Quote from: Nicolas CrostA couple of years ago I player in longer campaigna with sessions ranging to 10 hours and even more. Now with a job and everything I am pretty much happy to squeeze in a 4 hour session each week. And with that comes that I just dont have the time to wait for 5 hours until everyone is done shopping for stuff or something like that. My sessions now do have to have higher density to feel satisfying just because they are shorter and less often by outside constraints.
Since I've just made comments about a game that is specifically marked by the never-ending campaign (I fully expect my character to outlive me), I have to respond to this.

Sure, when you're young you have a lot of time to waste, and when you're pretty new to gaming you waste a lot of time in your games. Yes, all of us find that life gets complicated and we don't have so much time to play as we would like. I have my own in-house gaming group (five sons from twelve to twenty-one all living at home), and I set aside Saturdays to do no work so we could play, and my wife almost always manages to run me ragged all day Saturday and eliminate any possibility that there will be time for a game.

But the density of events in the session is a completely separate factor from the length of the session, and from the length of the campaign. I've had D&D nights and Multiverser nights where there was something happening all. the. time.
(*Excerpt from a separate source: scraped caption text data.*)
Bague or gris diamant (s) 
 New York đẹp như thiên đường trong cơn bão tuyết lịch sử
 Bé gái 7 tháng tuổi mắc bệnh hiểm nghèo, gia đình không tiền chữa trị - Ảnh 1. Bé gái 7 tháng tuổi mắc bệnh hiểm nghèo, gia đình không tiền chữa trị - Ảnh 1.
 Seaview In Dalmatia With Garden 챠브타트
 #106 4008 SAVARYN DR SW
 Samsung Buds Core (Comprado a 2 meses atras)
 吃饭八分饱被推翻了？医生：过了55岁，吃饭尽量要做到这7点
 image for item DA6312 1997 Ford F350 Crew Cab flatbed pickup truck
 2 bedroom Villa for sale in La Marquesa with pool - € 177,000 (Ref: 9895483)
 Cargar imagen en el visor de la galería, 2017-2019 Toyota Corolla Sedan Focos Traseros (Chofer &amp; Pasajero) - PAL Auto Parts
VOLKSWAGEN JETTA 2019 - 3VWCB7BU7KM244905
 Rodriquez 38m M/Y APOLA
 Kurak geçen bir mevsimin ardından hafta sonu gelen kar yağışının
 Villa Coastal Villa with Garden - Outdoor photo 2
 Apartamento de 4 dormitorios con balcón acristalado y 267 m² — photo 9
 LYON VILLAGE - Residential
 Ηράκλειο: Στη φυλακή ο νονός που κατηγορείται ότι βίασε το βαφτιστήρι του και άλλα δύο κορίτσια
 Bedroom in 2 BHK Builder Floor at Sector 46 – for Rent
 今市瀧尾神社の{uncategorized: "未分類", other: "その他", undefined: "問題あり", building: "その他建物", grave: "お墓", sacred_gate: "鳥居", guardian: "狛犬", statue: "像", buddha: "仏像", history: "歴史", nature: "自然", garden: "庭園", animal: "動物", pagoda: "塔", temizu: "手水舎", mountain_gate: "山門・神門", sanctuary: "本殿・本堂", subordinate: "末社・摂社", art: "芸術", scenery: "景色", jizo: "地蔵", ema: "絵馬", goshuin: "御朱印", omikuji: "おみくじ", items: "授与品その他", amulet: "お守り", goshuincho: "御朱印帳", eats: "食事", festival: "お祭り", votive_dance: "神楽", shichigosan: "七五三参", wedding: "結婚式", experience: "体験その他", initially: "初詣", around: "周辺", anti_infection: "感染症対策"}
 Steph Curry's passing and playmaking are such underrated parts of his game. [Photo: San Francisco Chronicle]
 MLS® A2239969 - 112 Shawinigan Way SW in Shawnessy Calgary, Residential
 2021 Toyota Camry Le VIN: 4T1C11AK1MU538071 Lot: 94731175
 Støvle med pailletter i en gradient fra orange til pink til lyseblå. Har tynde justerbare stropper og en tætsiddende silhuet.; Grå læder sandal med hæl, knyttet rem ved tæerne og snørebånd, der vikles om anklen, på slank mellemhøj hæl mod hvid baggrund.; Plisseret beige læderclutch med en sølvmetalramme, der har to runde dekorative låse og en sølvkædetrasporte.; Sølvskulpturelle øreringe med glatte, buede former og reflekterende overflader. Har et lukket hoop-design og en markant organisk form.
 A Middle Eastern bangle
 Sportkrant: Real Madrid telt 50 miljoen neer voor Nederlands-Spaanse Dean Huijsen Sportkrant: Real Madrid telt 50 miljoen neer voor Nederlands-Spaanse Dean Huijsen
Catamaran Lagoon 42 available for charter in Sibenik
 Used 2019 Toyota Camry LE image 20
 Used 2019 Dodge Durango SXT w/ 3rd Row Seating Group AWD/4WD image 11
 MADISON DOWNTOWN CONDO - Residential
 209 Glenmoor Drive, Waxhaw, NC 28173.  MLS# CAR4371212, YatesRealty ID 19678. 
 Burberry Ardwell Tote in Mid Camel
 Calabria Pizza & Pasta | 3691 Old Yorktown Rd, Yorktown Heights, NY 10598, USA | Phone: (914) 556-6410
Multiverser's referee's advice in fact includes ways to focus on players who are currently doing something, and to shuffle the administrative stuff to the side. You specifically mention waiting for five hours while someone shops, and that is specifically dealt with in Multiverser. You want to shop? Here's a piece of paper.  Write down for me what you want to buy, how much you hope or expect to pay, and when you need it. While you're doing that, that's what your character is doing, and these other guys, well, they're doing something else, so they're going to play. Now, when you've finished the list, I'll take a moment to look at it, let you know the results of your shopping spree (did you get these things, did it cost this much), and get you back into the action. Later, when that other guy wants to design a new suit of armor or an addition to his house, he'll be the one pouring over a piece of paper while you're playing. You will get to play as much as you can, given that there are several people here; but we will not make people sit on their hands while you're doing something that doesn't concern them.

Stripping the dull stuff out of the game may increase density; but it's an illusion to think that it is a distinction between one-shots and campaigns. The distinction between the two is only in how long it takes to resolve all the threads that must be resolved. In a campaign, you can have more threads and say more about them, and you can have more sub-stories and sidelines if you want them.

Of course, if you waste five hours of a one shot, you just don't play. So it's less costly to waste time in a campaign. That's up to you.